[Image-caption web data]
——————

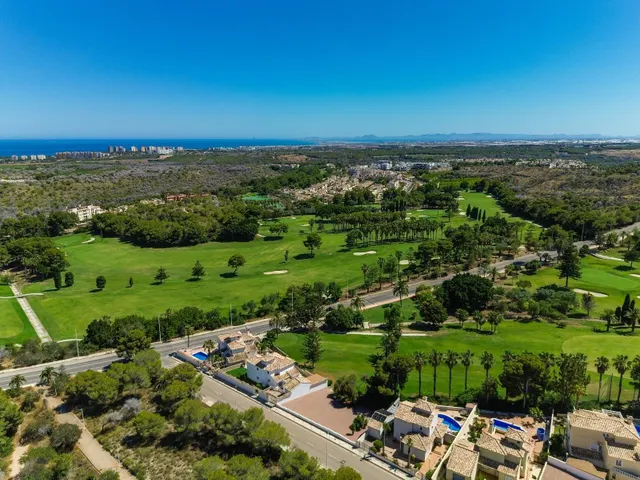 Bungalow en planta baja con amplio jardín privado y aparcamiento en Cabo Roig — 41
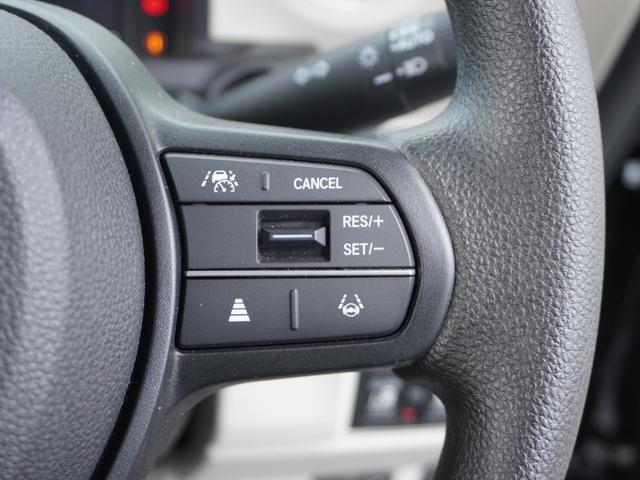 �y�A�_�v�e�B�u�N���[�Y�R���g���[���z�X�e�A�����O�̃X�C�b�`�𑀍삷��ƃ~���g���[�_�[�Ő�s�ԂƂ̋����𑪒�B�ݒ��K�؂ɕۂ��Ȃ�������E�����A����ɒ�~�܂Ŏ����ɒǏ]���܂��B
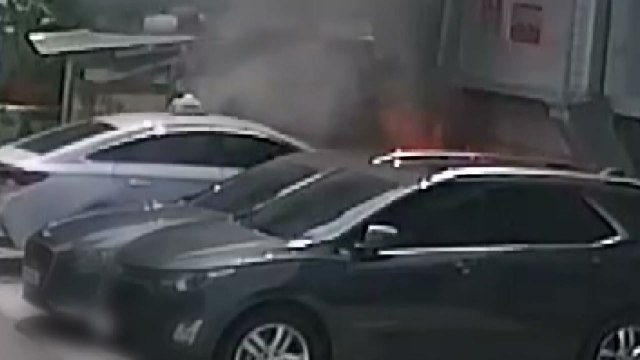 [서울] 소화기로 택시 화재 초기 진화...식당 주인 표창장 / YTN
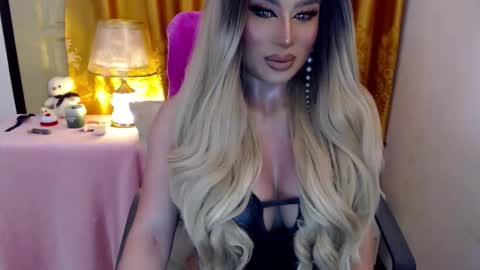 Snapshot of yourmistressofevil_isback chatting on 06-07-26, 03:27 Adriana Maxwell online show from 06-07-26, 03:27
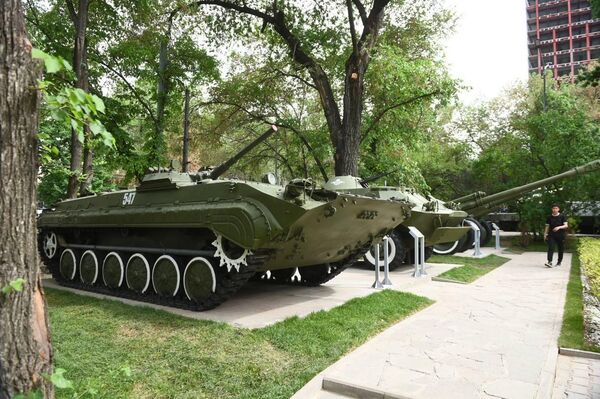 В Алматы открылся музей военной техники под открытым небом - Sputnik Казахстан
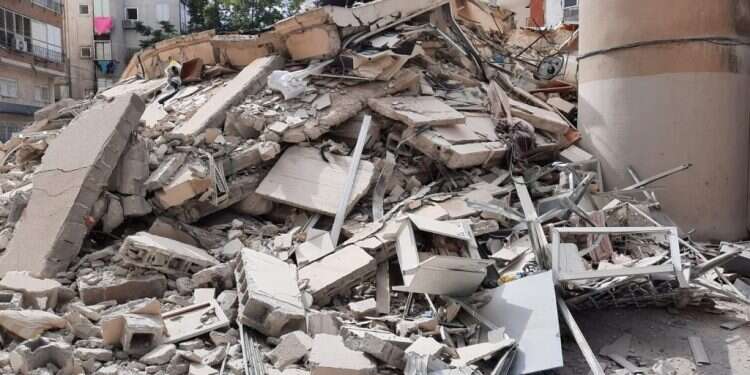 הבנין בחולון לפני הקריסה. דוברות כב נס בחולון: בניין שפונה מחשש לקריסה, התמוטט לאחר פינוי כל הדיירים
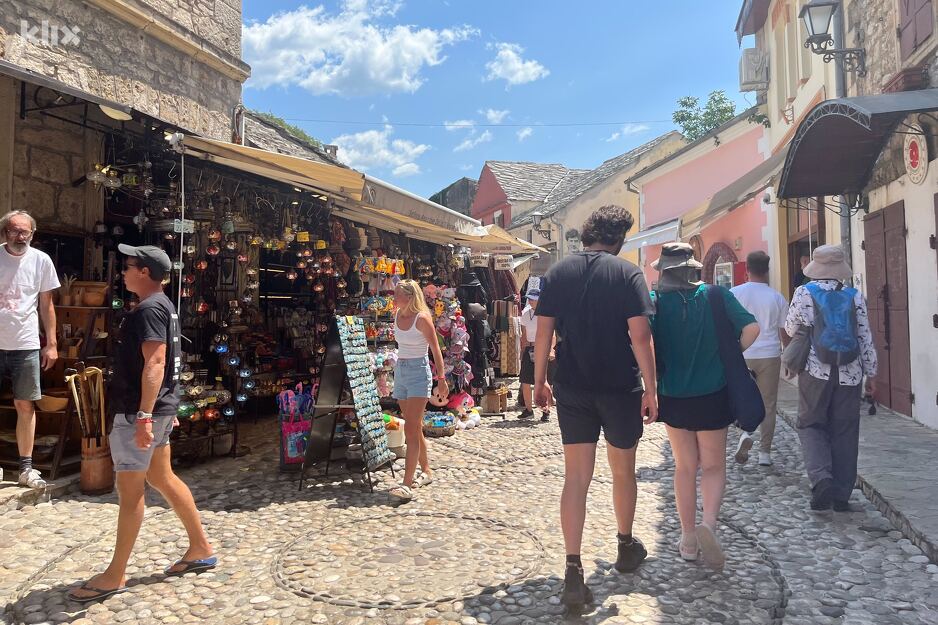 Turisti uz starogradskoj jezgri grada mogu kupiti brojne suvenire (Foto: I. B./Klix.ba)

——————

Problem to solve ->
Return the preceding entries verbatim, with the pictures excluded.

Exercise result ->
 Bungalow en planta baja con amplio jardín privado y aparcamiento en Cabo Roig — 41
 �y�A�_�v�e�B�u�N���[�Y�R���g���[���z�X�e�A�����O�̃X�C�b�`�𑀍삷��ƃ~���g���[�_�[�Ő�s�ԂƂ̋����𑪒�B�ݒ��K�؂ɕۂ��Ȃ�������E�����A����ɒ�~�܂Ŏ����ɒǏ]���܂��B
 [서울] 소화기로 택시 화재 초기 진화...식당 주인 표창장 / YTN
 Snapshot of yourmistressofevil_isback chatting on 06-07-26, 03:27 Adriana Maxwell online show from 06-07-26, 03:27
 В Алматы открылся музей военной техники под открытым небом - Sputnik Казахстан
 הבנין בחולון לפני הקריסה. דוברות כב נס בחולון: בניין שפונה מחשש לקריסה, התמוטט לאחר פינוי כל הדיירים
 Turisti uz starogradskoj jezgri grada mogu kupiti brojne suvenire (Foto: I. B./Klix.ba)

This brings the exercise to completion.